Standing in one of his hog barns, Vaubel says it will take a while before he starts making money again.
To make matters worse, high fuel prices have doubled the cost of transporting his pigs to a meatpacker. The hogs in this barn are headed to market next summer. By then, Vaubel thinks he might get a better price for the animals.
"Traditionally the summer markets are a little better," says Vaubel. "I'm hopeful that these might break even, at best."
"The economics are pretty ugly. We're probably losing at least $35 a pig, maybe $40."
That's the kind of hope a lot of hog producers are carrying with them these days.
University of Missouri agricultural economist Ron Plain says it looks like the nation's hog producers will operate at a loss for most of 2008. Ironically, he traces the origins of the problem to a long run of good years.
"By and large, 2005, 2006 and early 2007 were profitable years," says Plain. "For hog producers, that has led to an increase in hog numbers, which pushes hog prices down."
Plain says the main reason for the sharply higher feed costs is the growing ethanol industry. He says it's demanding so much corn that the price of that grain has more than doubled.
Even the big meat processors are feeling the pain. The nation's largest pork company, Smithfield Foods, says it's hog raising costs have risen more than 20 percent in the last year. Consumers are expected to eventually pay that bill in the form of higher grocery store pork prices.
Agricultural economist Ron Plain says the hog losses are so severe that some operations won't make it.

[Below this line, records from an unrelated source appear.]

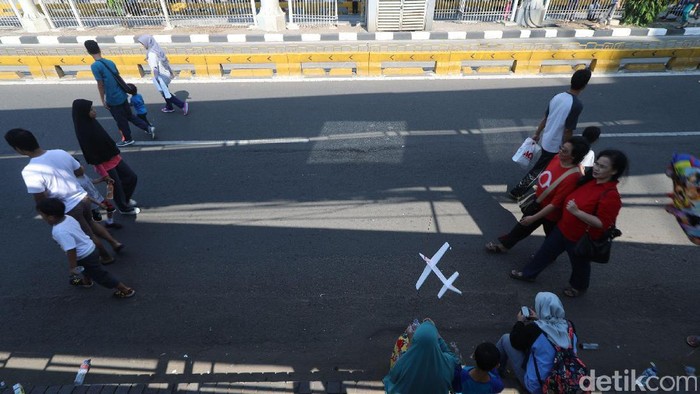 CFD Perdana Mampang - Pejaten

Warga menikmati Car Free Day atau Hari Bebas Kendaraan Bermotor di ruas jalan Mampang - Pejaten, Jakarta Selatan, Minggu (27/08/2017). Kegiatan CFD tersebut akan dirutinkan satu bulan sekali di minggu ketiga. Grandyos Zafna/detikcom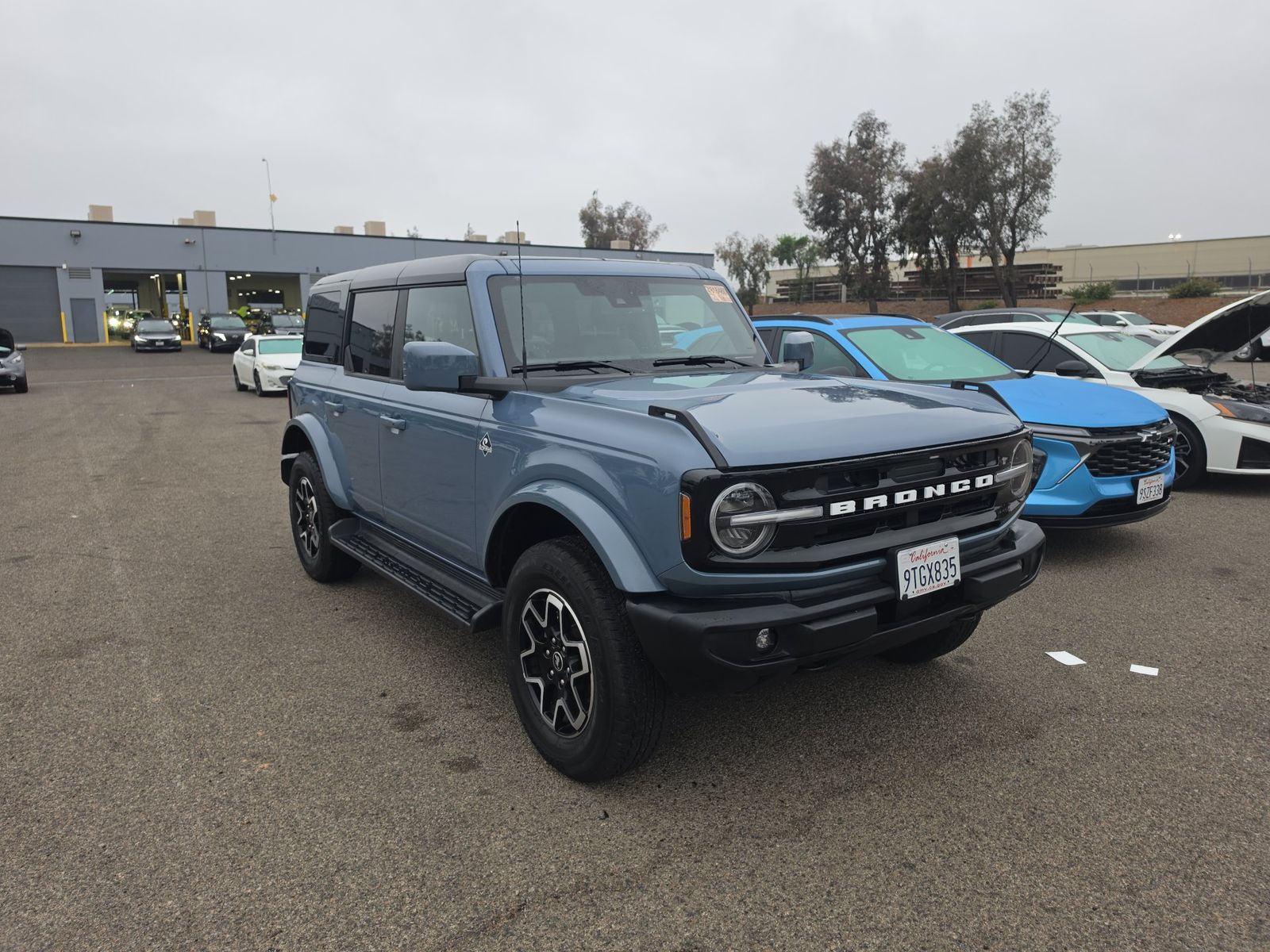 FORD BRONCO - 4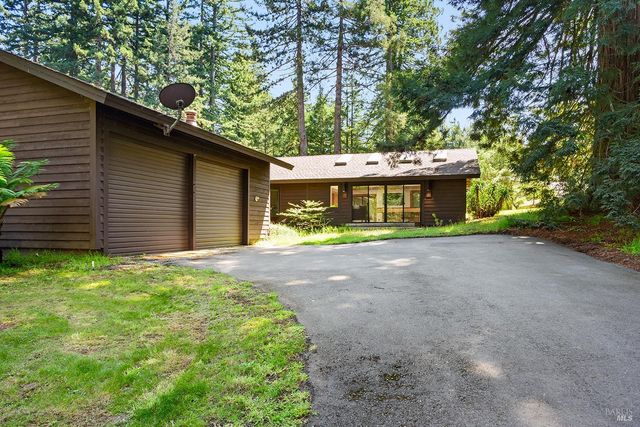 1650 Jonive Rd, Sebastopol, CA 95472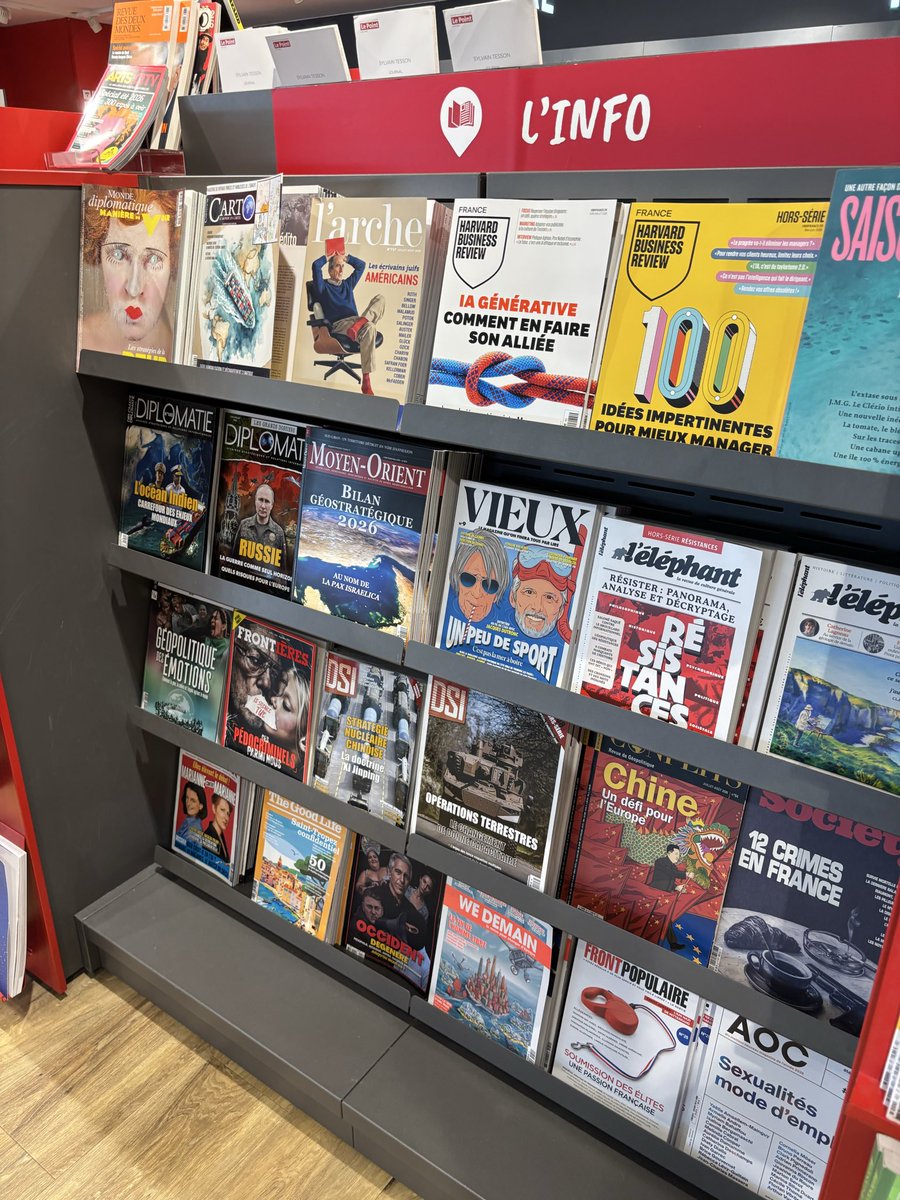 lArcheMag's tweet photo. Au Relay du Terminal 2B de Roissy votre magazine préféré à l’entrée du magasin, juste après le duty free ! https://t.co/ykUGn4R6U8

"Producers can only stand losing money so long, and we will cut back production," says Plain. "Part of the cutback will be by producers staying in business, but producing fewer hogs. Also part of the cutback will come from producers who decide that they don't want to do this anymore. So there will be a number of hog farms that have been producing hogs that won't be a year from now."
Southern Minnesota hog producer John Vaubel expects to be among the group that survives. But he may trim hog production as much as 15 percent.
One thing helping Vaubel is that he grows about half the corn he needs. A change in the price of that grain would be a big help, but Vaubel says that's unlikely.
"I don't think so," says Vaubel. "Not with the rampant growth of ethanol plants."
Vaubel thinks it's time to slow down the ethanol industry. He says one practical step he'd like to see is to end the 51-cent-a-gallon federal subsidy for the fuel.
"It's really unfair competition to the livestock industry," says Vaubel.
Vaubel says he's not opposed to ethanol. In fact, he's even invested in a plant. But he thinks the ethanol industry is so overheated it's threatening the future of thousands of livestock producers -- not just hog farmers, but also cattle ranchers and poultry producers.
Vaubel says it's time to adjust course before some of those farmers are forced out of business.